Book Review — Animal Liberation: The Definitive Classic of the Animal Movement (40th Anniversary Edition)

Animal Liberation by Peter Singer

Animal Liberation is the book that started the modern animal rights movement. Peter Singer, the author, is an Australian philosopher. He is the Ira W. DeCamp Professor of Bioethics at Princeton University, and laureate professor at the Centre for Applied Philosophy and Public Ethics (CAPPE), University of Melbourne. He specializes in applied ethics, approaching ethical issues from a secular preference utilitarian perspective.

In 1975, the first edition of Animal Liberation was published. It has become the centerpiece of the movement. The book was revised in 1990 and again this year for the 40th anniversary. The philosophy does not change, but the material is updated for the current time. For example, Revlon is no longer testing beauty products on animals and factory farming grown at an incredible pace.
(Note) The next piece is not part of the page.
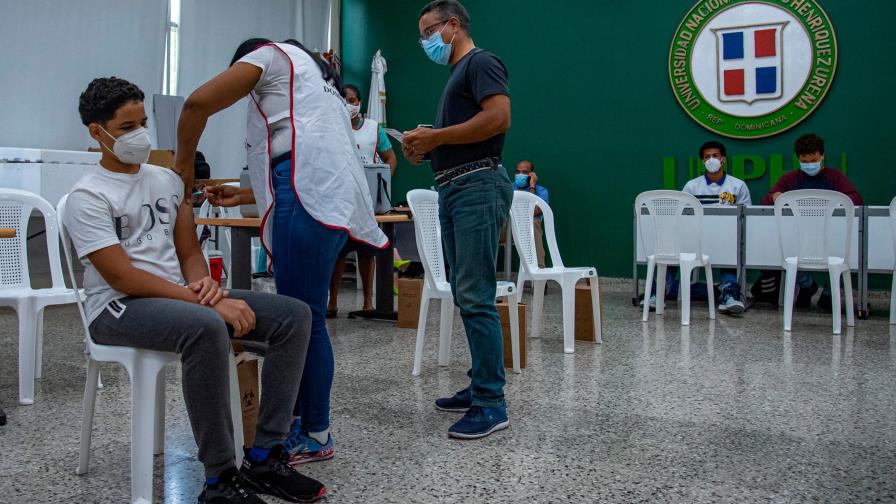 OMS recomienda al país continuar esquema vacunación de dos dosis OMS recomienda al país continuar esquema vacunación de dos dosis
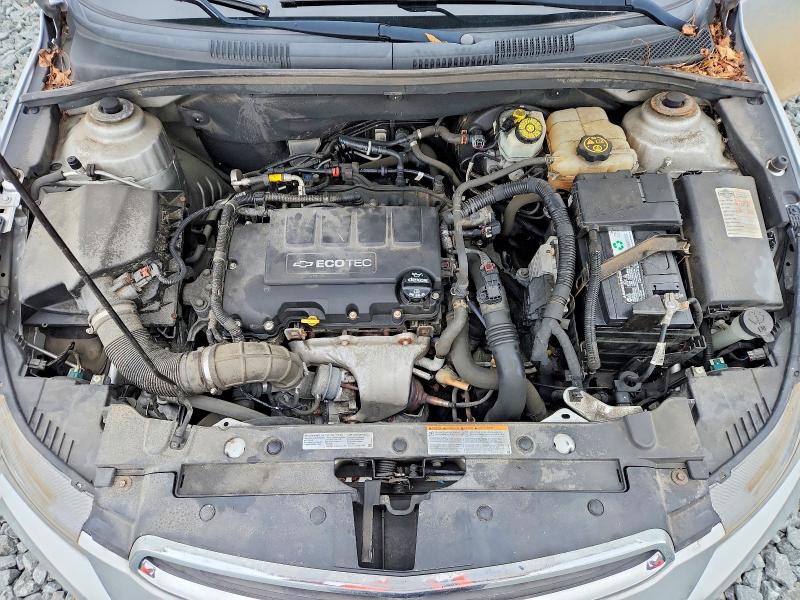 69517186 :رقم المزاد ، 1G1PG5SB4F7102691 vin ، 2015 Chevrolet Cruze مزاد بيع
Singer uses reason and sound arguments to make his points. He does not make emotional appeals. His writing on speciesism reminded me of a news story here in Texas a few years ago. There was a news story with a crying teenage girl. She had sold here horse only to find out that it was bought by a slaughterhouse. She thought it wasn’t right, even though she sold the horse as one would sell a piece of property. She thought the horse she sold was going to a good home and felt betrayed. The story made me wonder if she felt the same way when she ate a hamburger. What is the difference between mammals? Why is there no problem in the slaughtering millions of cattle or pigs, but there is a problem slaughtering horses or dogs. Also, why are dogs and cats protected from abuse but cattle, sheep, swine, and birds are not?

Singer, however, does not devote the largest part of his book to what we eat, but how we treat animals and the reasons why. He also points out the hypocrisy in the way we think about animals like I pointed out above. People oppose wearing fur, but at the same time see no problem with leather. We say we love animals –kittens and puppies — while eating a ham sandwich.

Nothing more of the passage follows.